Invité par l’Alliance des BRICS, Ahoua Don Mello séjourne en Russie pour des échanges diplomatiques, économiques et scientifiques autour des crises internationales et du renforcement des partenariats stratégiques africains.
Le Dr Ahoua Don Mello séjourne depuis le 7 mai à Moscou, en Fédération de Russie, dans le cadre d’une mission diplomatique et scientifique à l’invitation de l’Alliance internationale des BRICS. L’information a été rendue publique à travers un communiqué diffusé le 9 mai par son équipe de communication.
Enjeux géopolitiques
L’ancien ministre ivoirien fait partie de la délégation officielle conviée aux célébrations du 9 mai marquant le 81e anniversaire de la victoire de 1945. Mais au-delà de la dimension commémorative, ce déplacement s’inscrit surtout dans un contexte de réflexion géopolitique autour des grands équilibres mondiaux.
Selon le communiqué, Ahoua Don Mello doit prendre part à plusieurs sessions de haut niveau consacrées notamment aux conflits en Ukraine et en Iran, ainsi qu’à la menace djihadiste au Mali.

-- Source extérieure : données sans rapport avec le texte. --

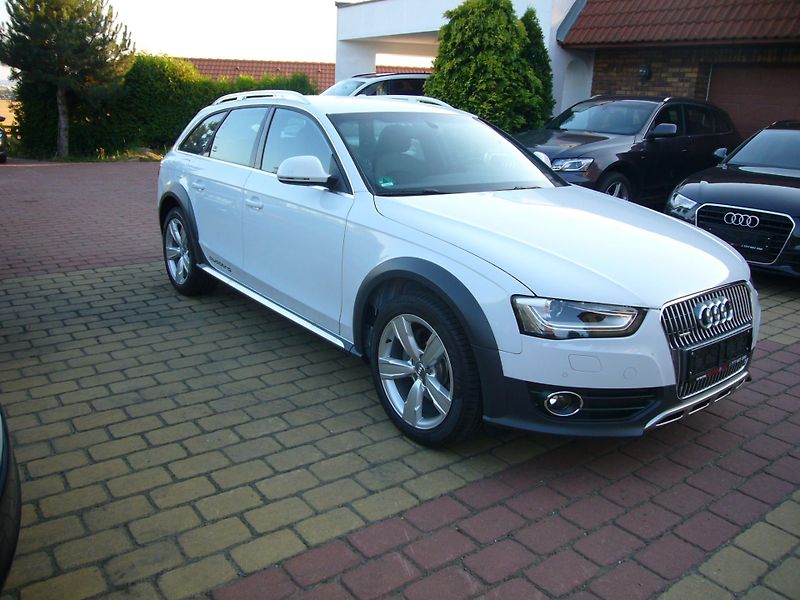 Audi A4 Allroad 3,0TDi QUATTRO - fotka 2 z 25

Les échanges porteront également sur « l’émergence d’un nouvel ordre mondial multipolaire » et sur les conséquences des crises internationales actuelles.
Cette visite comprend aussi un important volet économique. Le responsable ivoirien participera aux travaux préparatoires du Forum Économique International de Saint-Pétersbourg, prévu du 3 au 6 juin 2026. Ce rendez-vous est considéré comme l’un des principaux cadres de discussions économiques et stratégiques organisés par la Russie avec ses partenaires internationaux.
Coopération scientifique
Sur le plan scientifique, Ahoua Don Mello doit également effectuer une visite à Université de Kazan. Cette étape vise, selon le document, à poser les bases d’une future coopération scientifique d’envergure entre des structures africaines et des institutions russes.
Le communiqué souligne enfin que cette mission traduit une volonté de renforcer les relations entre certains pôles de réflexion africains et l’Alliance des BRICS. Les initiateurs de cette démarche évoquent un partenariat fondé sur « la souveraineté » et « l’équilibre mondial », dans un contexte marqué par la recomposition des rapports de force internationaux.